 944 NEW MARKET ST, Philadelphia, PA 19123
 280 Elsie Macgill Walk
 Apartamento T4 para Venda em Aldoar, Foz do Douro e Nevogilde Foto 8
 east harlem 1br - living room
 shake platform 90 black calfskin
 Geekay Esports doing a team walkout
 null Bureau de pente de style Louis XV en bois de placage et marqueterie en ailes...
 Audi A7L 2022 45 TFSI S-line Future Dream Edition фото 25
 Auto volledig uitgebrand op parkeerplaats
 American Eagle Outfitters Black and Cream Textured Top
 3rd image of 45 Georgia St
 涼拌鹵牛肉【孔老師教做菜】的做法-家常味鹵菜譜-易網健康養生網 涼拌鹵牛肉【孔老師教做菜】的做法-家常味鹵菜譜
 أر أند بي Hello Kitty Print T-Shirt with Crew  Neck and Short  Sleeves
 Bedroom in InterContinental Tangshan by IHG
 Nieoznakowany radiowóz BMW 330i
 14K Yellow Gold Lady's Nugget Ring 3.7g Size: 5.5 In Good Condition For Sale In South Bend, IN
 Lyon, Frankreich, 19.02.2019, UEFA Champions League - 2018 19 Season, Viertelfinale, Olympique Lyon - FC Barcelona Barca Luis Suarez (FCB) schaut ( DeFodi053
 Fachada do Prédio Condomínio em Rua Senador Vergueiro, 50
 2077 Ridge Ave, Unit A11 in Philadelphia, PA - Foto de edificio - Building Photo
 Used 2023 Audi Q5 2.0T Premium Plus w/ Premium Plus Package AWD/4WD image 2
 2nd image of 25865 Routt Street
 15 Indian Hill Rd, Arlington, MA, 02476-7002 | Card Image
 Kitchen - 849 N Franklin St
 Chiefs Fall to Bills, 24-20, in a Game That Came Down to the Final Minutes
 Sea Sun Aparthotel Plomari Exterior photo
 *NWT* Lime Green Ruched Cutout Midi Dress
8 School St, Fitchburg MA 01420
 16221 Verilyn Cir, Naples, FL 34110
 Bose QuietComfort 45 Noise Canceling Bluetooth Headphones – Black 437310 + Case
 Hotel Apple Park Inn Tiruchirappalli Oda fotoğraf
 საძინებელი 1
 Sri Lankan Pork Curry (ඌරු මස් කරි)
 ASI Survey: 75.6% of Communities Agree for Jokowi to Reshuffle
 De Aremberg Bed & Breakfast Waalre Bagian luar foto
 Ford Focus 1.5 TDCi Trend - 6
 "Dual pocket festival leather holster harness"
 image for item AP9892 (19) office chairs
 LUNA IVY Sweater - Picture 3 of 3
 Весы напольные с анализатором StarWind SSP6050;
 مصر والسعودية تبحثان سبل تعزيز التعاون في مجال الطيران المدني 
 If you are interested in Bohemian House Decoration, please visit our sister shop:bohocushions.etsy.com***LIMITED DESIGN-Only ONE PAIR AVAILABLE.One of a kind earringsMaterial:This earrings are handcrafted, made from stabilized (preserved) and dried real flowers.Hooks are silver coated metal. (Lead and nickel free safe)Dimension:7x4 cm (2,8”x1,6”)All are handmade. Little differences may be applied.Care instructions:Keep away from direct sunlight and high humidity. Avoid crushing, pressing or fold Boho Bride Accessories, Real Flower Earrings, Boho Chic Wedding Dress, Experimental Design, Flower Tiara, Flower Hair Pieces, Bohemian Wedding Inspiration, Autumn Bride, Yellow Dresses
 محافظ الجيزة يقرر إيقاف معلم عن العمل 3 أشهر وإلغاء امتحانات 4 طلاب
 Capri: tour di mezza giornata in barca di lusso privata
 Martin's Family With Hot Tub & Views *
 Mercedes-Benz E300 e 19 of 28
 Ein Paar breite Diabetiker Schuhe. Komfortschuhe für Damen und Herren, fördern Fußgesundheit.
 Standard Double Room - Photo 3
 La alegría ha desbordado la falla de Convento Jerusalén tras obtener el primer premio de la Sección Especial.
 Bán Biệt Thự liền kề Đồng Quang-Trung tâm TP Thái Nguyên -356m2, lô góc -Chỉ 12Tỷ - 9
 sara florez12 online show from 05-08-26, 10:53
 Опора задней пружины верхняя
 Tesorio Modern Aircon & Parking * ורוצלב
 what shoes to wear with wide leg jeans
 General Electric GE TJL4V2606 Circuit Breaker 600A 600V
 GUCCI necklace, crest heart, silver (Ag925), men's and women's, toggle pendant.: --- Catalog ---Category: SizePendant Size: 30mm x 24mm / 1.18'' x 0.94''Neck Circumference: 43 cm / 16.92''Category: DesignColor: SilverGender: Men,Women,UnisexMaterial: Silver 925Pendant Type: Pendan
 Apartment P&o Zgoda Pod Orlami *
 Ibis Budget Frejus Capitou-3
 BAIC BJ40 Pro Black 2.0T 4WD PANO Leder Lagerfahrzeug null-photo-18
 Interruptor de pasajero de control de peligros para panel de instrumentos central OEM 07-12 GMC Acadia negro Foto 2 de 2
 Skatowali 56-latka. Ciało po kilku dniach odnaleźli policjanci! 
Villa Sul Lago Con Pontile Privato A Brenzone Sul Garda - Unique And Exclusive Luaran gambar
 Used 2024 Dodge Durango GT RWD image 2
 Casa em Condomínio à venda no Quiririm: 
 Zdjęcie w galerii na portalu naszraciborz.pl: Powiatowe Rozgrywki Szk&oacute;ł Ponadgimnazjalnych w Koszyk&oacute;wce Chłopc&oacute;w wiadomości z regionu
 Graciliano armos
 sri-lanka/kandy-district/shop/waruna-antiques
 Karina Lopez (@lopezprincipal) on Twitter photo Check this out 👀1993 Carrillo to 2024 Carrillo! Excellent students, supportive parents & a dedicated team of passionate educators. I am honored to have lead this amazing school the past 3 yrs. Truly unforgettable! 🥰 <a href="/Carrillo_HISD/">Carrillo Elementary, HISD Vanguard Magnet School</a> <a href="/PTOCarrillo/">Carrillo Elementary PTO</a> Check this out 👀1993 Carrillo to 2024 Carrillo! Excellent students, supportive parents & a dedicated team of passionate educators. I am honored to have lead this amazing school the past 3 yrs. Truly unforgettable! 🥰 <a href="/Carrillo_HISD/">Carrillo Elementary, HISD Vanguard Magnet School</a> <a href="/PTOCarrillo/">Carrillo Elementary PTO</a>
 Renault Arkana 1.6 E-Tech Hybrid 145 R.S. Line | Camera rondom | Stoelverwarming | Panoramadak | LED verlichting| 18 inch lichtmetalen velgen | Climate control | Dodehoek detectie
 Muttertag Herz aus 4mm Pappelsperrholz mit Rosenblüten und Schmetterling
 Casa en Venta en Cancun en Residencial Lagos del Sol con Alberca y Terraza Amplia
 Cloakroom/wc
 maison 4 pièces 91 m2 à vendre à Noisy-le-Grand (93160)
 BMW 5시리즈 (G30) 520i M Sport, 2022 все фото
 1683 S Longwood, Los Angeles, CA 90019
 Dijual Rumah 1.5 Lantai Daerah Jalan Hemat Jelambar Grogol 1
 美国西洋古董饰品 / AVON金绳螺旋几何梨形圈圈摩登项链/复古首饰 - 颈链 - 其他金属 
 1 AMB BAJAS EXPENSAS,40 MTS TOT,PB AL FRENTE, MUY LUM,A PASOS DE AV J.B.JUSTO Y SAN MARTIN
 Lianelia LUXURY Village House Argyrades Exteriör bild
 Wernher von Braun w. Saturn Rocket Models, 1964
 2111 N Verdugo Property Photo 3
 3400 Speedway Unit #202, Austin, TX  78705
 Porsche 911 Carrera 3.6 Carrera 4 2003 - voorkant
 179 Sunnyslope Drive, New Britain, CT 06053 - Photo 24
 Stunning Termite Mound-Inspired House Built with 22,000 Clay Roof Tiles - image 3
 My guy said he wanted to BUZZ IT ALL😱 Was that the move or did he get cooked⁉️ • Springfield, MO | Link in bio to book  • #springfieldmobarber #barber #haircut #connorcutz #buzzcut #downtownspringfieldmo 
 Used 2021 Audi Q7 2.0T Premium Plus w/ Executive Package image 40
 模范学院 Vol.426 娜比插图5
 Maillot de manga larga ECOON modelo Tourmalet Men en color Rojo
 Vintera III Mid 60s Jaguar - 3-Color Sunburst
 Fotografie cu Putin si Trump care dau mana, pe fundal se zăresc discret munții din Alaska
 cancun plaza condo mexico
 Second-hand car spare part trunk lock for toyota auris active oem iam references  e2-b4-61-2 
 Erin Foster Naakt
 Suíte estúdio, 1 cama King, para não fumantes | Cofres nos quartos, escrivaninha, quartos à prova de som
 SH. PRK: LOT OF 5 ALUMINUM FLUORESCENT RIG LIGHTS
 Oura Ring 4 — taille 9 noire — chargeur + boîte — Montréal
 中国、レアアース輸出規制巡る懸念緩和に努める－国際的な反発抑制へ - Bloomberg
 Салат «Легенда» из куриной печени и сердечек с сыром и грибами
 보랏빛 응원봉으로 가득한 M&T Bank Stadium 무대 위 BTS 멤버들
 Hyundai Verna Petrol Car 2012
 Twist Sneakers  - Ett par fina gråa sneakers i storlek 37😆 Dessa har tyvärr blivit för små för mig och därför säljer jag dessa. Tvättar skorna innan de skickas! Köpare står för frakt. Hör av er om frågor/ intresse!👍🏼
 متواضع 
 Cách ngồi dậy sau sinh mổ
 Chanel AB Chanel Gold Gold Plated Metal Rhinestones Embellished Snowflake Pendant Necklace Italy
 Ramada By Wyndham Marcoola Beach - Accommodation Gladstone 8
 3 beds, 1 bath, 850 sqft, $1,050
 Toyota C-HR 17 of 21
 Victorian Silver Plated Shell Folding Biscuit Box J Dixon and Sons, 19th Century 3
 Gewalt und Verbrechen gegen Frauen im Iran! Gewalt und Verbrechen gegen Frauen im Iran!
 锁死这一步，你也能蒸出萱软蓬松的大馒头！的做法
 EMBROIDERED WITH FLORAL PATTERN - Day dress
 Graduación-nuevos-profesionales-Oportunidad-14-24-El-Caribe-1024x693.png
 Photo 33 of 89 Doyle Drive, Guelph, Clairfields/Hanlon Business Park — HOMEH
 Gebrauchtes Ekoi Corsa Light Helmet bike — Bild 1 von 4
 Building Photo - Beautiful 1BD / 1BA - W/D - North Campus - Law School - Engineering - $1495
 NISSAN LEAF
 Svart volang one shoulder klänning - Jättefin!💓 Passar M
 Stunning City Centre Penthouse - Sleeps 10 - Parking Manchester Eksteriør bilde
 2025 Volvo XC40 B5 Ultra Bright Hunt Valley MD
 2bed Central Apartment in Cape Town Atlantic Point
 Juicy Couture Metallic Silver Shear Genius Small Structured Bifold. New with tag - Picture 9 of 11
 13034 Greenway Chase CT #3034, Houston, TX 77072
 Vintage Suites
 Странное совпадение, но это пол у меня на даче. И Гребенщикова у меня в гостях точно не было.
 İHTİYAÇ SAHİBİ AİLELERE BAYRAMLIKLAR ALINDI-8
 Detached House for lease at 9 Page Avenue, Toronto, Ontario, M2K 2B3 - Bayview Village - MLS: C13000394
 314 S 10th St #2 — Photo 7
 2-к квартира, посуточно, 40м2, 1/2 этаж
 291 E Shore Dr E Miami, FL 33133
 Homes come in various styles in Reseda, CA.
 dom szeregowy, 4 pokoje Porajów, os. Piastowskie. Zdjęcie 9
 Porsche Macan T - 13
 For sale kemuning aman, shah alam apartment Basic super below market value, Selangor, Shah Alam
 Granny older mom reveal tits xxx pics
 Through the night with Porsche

───

#### What is expected:
Set down, exactly as they stand above, the lines starting with the line with "сыром и грибами" and going on through the line with "Hyundai Verna Petrol Car 2012", and no others.

#### Final answer:
 Салат «Легенда» из куриной печени и сердечек с сыром и грибами
 보랏빛 응원봉으로 가득한 M&T Bank Stadium 무대 위 BTS 멤버들
 Hyundai Verna Petrol Car 2012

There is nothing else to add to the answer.